How have my prayers changed over time?
As from above, they went from formal prayers to more informal prayers, they went from praying for specifics to praying for guidance, and giving thanks. They can be talking to God whenever I want. The other day I struggled to get up from a chair (this can be difficult). I wanted to pray "God, please help me get up from this chair," but changed it to "God, help me to believe that I can find a different way to get up from this chair, because the current way is NOT working." And I found a way.

What support would I like in my prayer life?
More time for prayer, for conversations with God, for times when I can just "be." Many people find those times when they are in nature and I have to agree.

So the book offers so much more - in a way it took me on my own prayer journey. I thought of obstacles in my life, how I used prayer, how I can use it. And the strength on Bonnie St. John to open her childhood makes her a much stronger woman than all of her other accomplishments.

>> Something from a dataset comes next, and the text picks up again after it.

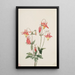 Ancolie rot - Mary Vaux Walcott — gerahmtes Bild an der Wand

Maybe I'll be lucky enough to meet her again one day. She lives her joy, and I should start that book next. I'm praying to find my joy again - it's a bit lost; it's painful; I'll struggle briefly. But the joy will return. I believe that.


1 comment:

ing said...

I am not sure where to begin with my comment. What an encouraging blog this is for me. Prayer is of the utmost importance to me and to see that it has evolved and changed for you is encouraging to me. Because it has certainly evolved and changed for me over the years. Begging God to take away my depression, but moving on to "how can YOU use me because of this?" And when Annika was ill...of course I prayed for her to be healed, but I also prayed that I would feel His presence and comfort and be reminded of the hope I have in Him, should He decide not to heal her, but instead take her home to Him. It is difficult to share that prayer with some people, because they often don't understand why I would pray that way. They don't have the hope that I have in Christ. What joy I feel in my heart to be able to have a friendship with you that can go deeper than some of the other friendships because of our faith and trust in God.